Responding to the development, the Executive Chairman of the EFCC, Abdulrasheed Bawa, in a release issued by Wilson Uwujaren, EFCC’s Head, Media & Publicity, described the move by the apex bank as “a well-considered and timely response” to the challenges of currency management which has negatively impacted the country’s monetary policy and security imperatives.
“The EFCC, the CBN and some other regulators in the financial sector have worked closely in the recent past to determine how best to stabilize the country’s monetary policy environment. It is heart-warming that the CBN has demonstrated courage in taking this bold decision which I believe will bring sanity to the currency management situation in Nigeria”, he said.
Bawa called on operators in the Nigerian financial services sector, especially deposit money banks and Bureau De Change (BDC) Operators to work within the guidelines provided by the Central Bank of Nigeria to ensure seamless withdrawal of the old currency.
Bawa however warned that EFCC will monitor the process to ensure that unscrupulous players and currency speculators and their cohorts among the BDCs do not undermine the exercise. He also charged banks to be alive to their reporting obligations and not assist unscrupulous customers in laundering suspected proceeds of crimes through their system.
The EFCC boss further pointed out that the objectives which the CBN seeks to achieve with the redesign and reissue of the higher denomination Naira notes, were in tandem with the objectives of the Money Laundering Prevention Prohibition Act 2022, which criminalizes the conduct of cash transactions above a certain threshold.
According to Section 2 (1) of the Money Laundering Act 2022 “No person or body corporate shall, except in a transaction through a financial institution, make or accept cash payment of a sum exceeding; (a) N5,000,000 or its equivalent, in the case of an individual ; or (b) N10,000,000 or its equivalent, in the case of a body corporate.”

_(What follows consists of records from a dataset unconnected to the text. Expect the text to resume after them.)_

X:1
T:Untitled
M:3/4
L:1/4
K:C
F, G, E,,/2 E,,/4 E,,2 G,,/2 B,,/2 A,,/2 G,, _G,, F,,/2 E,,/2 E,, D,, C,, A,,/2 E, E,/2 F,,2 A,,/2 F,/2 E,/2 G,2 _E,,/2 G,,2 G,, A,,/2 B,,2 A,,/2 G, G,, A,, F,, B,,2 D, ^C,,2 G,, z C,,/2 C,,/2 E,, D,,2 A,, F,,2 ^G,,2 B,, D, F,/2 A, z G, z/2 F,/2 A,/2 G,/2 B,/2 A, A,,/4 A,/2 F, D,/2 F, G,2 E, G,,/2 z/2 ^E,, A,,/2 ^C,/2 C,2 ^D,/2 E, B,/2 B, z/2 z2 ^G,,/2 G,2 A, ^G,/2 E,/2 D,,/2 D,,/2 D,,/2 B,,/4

Optimistic that the new currency measure would further boost Nigerians’ embrace of banking culture and encourage the acceptance of cashless transactions, the EFCC Chairman recalled that the Commission had recently taken operational action against currency hoarders in major commercial cities of Nigeria.
“It is therefore pertinent to issue this stern warning to Bureau de Change operators to be wary of currency hoarders who would attempt to seize this opportunity to offload the currencies they had illegally stashed away.”
Noting that currency hoarders readily made their hoard available to criminal enterprise, the EFCC boss further stated that the Commission will spare no effort to bring to book any financial services operator who runs afoul of extant laws and regulations.